Prompt:
Take the lines below from the one with "Chanel Calfskin Quilted" through the one with "Team 6: Calvin Supermileage" and print only them, exactly. Don't print the pictures.

Records for the exercise:
= = =

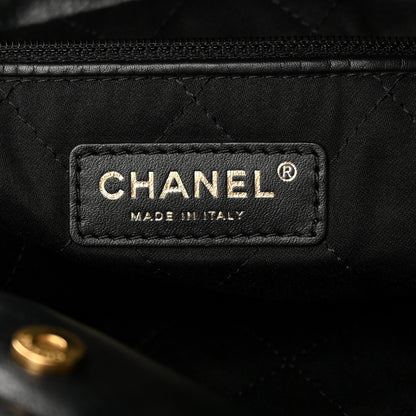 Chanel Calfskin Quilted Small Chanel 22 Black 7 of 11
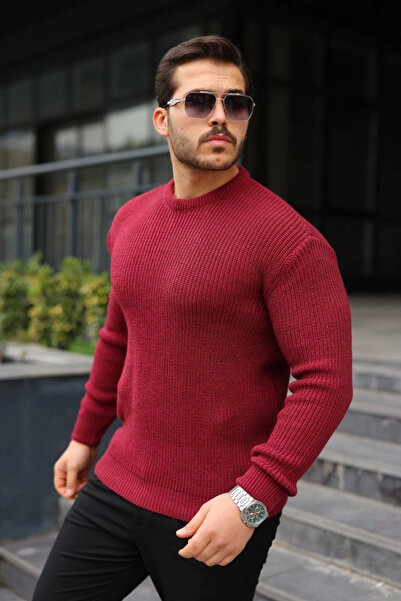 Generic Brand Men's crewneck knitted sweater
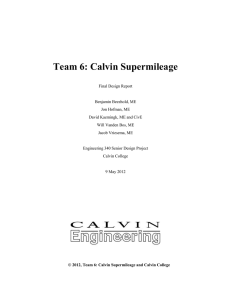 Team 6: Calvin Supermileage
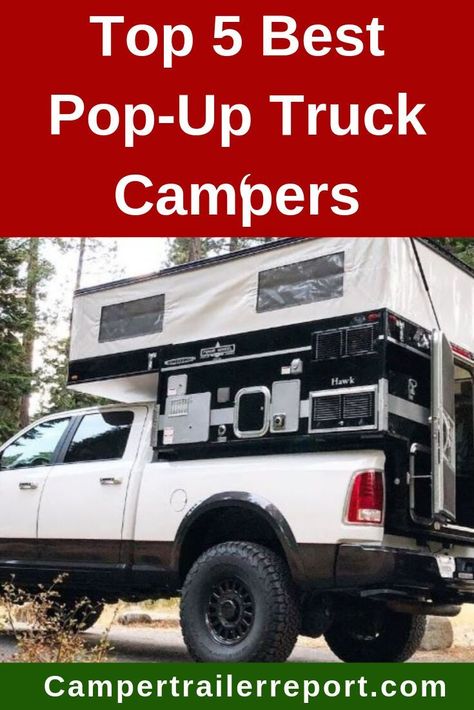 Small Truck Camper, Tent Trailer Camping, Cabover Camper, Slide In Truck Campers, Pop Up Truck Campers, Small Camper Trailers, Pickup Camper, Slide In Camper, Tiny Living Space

= = =

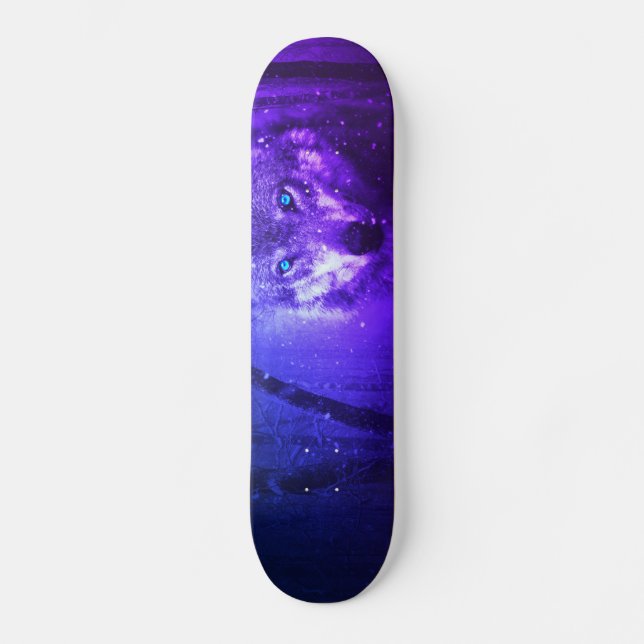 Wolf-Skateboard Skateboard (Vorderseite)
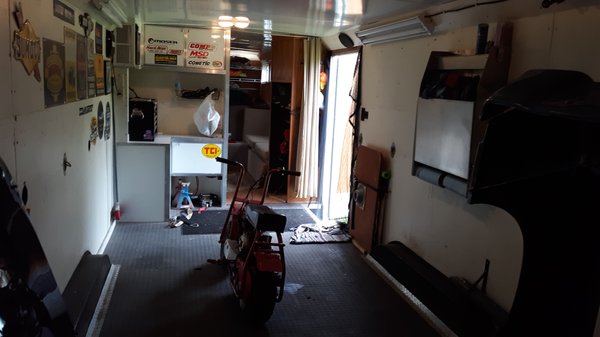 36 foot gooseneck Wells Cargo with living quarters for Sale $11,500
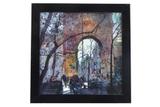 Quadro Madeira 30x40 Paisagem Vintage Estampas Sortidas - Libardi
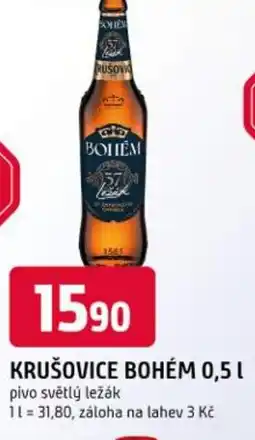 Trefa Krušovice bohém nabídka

= = =

Solution to this problem:
 Chanel Calfskin Quilted Small Chanel 22 Black 7 of 11
 Generic Brand Men's crewneck knitted sweater
 Team 6: Calvin Supermileage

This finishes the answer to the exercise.